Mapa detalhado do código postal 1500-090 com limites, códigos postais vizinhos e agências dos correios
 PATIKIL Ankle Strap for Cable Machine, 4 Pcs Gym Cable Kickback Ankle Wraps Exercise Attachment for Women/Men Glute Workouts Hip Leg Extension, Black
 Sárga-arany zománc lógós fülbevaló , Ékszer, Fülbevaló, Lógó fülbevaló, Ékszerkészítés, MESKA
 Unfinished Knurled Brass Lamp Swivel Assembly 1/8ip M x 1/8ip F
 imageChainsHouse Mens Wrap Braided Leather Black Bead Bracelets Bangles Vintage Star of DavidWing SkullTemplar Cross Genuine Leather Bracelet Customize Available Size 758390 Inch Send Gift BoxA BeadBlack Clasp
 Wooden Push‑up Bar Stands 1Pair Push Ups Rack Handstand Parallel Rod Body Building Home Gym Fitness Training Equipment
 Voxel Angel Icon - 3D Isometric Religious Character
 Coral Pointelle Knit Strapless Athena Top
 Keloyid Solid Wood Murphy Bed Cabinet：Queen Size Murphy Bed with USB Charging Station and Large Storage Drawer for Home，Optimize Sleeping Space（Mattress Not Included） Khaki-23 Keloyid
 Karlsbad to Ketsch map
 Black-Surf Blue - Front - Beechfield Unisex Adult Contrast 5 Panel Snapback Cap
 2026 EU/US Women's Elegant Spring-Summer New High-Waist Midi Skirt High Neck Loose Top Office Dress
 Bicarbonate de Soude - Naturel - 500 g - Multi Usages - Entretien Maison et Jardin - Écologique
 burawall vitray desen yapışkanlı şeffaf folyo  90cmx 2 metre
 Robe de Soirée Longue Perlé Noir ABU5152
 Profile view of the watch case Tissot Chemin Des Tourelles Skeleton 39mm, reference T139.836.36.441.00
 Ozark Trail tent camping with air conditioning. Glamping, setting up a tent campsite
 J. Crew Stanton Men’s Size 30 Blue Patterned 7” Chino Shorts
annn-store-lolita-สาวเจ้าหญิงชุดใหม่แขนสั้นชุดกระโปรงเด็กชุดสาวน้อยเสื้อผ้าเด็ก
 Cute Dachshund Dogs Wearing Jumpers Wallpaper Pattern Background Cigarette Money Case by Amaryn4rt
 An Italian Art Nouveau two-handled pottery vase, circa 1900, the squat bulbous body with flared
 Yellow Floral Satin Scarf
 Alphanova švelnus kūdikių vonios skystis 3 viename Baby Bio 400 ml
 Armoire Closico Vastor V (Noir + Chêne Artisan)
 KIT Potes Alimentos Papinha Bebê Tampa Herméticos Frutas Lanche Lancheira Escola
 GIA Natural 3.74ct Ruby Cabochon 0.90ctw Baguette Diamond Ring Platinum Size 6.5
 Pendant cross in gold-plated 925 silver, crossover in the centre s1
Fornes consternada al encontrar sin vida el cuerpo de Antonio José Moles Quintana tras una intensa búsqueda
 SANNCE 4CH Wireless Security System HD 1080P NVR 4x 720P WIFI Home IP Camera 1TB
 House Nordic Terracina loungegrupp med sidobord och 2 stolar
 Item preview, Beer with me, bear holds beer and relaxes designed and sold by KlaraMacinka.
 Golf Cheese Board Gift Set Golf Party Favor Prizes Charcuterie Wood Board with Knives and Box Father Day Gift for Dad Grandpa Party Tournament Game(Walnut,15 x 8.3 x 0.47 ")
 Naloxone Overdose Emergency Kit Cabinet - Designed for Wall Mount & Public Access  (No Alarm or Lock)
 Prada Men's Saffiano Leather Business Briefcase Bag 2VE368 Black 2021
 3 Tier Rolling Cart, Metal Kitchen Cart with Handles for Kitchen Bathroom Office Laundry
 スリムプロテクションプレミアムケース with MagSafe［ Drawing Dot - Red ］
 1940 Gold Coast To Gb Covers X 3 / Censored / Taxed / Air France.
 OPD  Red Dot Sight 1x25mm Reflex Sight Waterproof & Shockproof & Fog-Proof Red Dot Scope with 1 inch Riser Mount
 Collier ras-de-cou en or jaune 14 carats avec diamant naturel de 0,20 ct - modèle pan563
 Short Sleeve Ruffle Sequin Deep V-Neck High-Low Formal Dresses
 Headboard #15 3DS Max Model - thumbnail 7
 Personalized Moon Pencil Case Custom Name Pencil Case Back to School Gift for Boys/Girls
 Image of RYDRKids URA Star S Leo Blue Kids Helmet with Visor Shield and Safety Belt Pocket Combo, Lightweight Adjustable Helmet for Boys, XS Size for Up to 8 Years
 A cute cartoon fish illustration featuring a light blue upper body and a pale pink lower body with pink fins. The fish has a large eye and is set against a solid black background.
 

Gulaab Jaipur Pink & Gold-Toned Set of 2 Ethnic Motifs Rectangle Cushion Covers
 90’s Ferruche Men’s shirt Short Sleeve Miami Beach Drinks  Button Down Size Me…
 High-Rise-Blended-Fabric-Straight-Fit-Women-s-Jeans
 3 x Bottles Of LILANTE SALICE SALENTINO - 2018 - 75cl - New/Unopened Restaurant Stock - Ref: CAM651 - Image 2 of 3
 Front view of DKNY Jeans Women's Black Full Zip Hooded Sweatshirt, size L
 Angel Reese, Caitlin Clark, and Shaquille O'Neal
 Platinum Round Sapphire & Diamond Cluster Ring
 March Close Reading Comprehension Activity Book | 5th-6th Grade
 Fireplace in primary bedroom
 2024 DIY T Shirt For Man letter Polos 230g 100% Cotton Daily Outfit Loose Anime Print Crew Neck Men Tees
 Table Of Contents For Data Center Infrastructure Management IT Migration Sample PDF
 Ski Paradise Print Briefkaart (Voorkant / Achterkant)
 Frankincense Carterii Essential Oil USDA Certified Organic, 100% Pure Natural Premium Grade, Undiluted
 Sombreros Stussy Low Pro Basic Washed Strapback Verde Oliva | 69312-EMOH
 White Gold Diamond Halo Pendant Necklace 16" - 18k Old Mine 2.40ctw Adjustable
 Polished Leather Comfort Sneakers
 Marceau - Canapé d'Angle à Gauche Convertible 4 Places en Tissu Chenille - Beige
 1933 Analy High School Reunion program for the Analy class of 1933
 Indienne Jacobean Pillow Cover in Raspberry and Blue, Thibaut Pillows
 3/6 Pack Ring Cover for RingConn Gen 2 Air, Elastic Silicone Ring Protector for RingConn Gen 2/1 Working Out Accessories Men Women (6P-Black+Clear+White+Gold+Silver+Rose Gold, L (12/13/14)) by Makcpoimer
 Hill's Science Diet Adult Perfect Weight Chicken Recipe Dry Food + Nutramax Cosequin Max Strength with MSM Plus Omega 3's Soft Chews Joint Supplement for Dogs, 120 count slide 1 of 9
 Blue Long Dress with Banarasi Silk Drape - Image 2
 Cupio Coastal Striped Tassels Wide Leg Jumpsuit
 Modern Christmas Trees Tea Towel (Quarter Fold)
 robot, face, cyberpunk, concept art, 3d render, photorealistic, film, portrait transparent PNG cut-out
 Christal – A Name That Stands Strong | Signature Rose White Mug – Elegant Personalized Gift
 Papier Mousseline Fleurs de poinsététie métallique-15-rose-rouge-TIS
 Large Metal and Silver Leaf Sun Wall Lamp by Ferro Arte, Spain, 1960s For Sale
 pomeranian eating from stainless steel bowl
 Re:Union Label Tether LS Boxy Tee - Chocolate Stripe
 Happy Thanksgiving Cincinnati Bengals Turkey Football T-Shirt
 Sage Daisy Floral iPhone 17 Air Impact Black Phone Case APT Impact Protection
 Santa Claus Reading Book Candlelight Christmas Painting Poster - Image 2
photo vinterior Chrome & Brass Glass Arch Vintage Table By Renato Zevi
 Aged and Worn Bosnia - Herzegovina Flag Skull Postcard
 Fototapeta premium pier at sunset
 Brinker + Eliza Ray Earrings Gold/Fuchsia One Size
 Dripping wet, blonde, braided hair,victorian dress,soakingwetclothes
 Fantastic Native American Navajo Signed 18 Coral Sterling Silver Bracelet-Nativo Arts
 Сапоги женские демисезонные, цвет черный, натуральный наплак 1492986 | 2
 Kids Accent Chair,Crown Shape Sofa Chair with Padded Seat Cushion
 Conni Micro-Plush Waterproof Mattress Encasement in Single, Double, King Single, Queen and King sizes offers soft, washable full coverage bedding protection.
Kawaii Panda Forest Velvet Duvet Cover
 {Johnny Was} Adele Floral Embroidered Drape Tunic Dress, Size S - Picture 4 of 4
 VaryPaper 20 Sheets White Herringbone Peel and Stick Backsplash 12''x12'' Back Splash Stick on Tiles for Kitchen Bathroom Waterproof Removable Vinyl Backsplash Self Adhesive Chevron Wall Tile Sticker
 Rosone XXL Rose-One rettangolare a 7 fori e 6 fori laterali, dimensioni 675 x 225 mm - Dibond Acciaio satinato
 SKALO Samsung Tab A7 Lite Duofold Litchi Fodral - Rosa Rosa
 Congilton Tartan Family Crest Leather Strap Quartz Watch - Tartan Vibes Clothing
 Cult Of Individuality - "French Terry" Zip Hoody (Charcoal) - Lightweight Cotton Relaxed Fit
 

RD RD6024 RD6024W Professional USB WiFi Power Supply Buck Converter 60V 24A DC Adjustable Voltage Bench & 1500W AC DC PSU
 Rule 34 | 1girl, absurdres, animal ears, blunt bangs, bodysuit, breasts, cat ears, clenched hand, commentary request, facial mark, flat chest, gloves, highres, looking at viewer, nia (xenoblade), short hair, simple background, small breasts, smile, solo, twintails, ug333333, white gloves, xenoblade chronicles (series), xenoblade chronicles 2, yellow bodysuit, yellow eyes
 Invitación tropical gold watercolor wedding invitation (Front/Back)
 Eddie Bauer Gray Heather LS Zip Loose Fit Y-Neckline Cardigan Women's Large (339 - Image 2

How to complete this task:
Beginning with the first line of the entries, repeat each line exactly until you have reproduced the one containing "Sárga-arany zománc lógós", and add nothing further.

Your response:
Mapa detalhado do código postal 1500-090 com limites, códigos postais vizinhos e agências dos correios
 PATIKIL Ankle Strap for Cable Machine, 4 Pcs Gym Cable Kickback Ankle Wraps Exercise Attachment for Women/Men Glute Workouts Hip Leg Extension, Black
 Sárga-arany zománc lógós fülbevaló , Ékszer, Fülbevaló, Lógó fülbevaló, Ékszerkészítés, MESKA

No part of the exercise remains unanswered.